DIY Beauty: Lindsay’s Remineralizing Tooth Powder
Last week I fretted over all the terrible, toxic things in my toothpaste. Lo and behold, Lindsay has sent us a wonderful—and beautifully photographed, I might add—recipe to make our own clean toothpaste at home. I’ve gone in and out of using baking soda on my teeth, and really enjoy it (and notice a difference in my teeth) when I do. Is this something you’ve given a whirl?
—Current hometown: Seattle, WA
—Product name that I made up: Remineralizing Tooth Powder
—Ingredients list: 2 T. calcium carbonate, 2 T. baking soda, 1 T. myrrh powder, 1 T. sage, 1 t. raspberry leaves (or dried lemon peel or fennel or cloves), 10-20 drops essential oils (peppermint, lemon, clove, cinnamon, tea tree, spearmint, or wintergreen are good choices)
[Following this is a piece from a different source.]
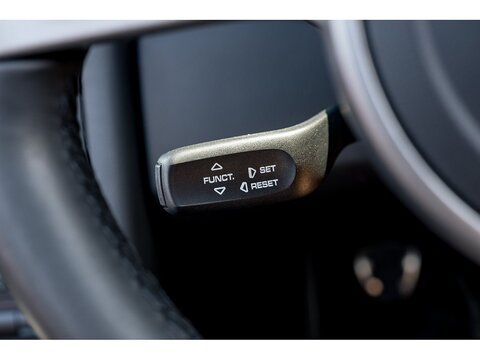 2010 Porsche 987.2 Spyder Manual (23)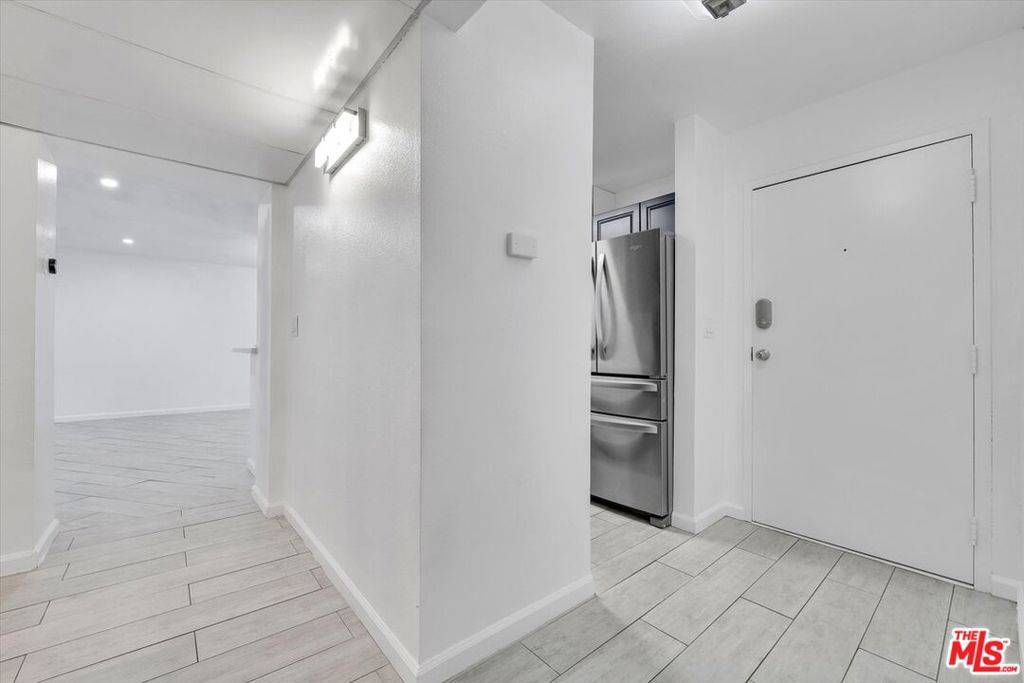 West Hollywood, CA 90069,8535 W West Knoll DR #111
—How I made it: Toss all ingredients into a spice grinder and give it a good whirl. Transfer into a flip top bottle for easy and hygienic application onto a wet toothbrush or put a pea-sized amount on your palm and pick it up with a wet toothbrush.
—How it smelled, felt, worked: I used lemon and peppermint essential oils, so together with the sage, it smelled a bit earthy and minty fresh! My teeth felt squeaky clean just like after a trip to the dentist. I’ve been using it for the last several months, so I’m used to it not tasting sweet, but if you prefer a touch of sweetness, ~1 T. of Xylitol or Stevia may be added.
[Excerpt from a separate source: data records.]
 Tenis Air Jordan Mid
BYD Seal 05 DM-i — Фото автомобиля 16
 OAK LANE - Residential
—Why I will or won’t do this again: I’ll totally do this again! I’ve never felt that commercial or even all-natural toothpastes got my teeth very clean. My mouth has never felt so healthy, even though I haven’t been to the dentist in two years (Yikes! Must fix that soon. Any holistic dentist recommendations in the Seattle area?). My gums don’t bleed anymore when I (occasionally) floss. My next step is to try oil pulling!
P.S. Some people might be concerned with the abrasiveness of baking soda, but according to an abrasive index of toothpastes called the RDA index, it’s actually just a step above water. A toothpaste or powder needs a certain amount of abrasiveness to be effective, but it’s important to grind the myrrh powder, sage, and raspberry leaves into small enough particles so that they don’t damage your enamel.
Oooh, interesting note. Thanks for sending Lindsay!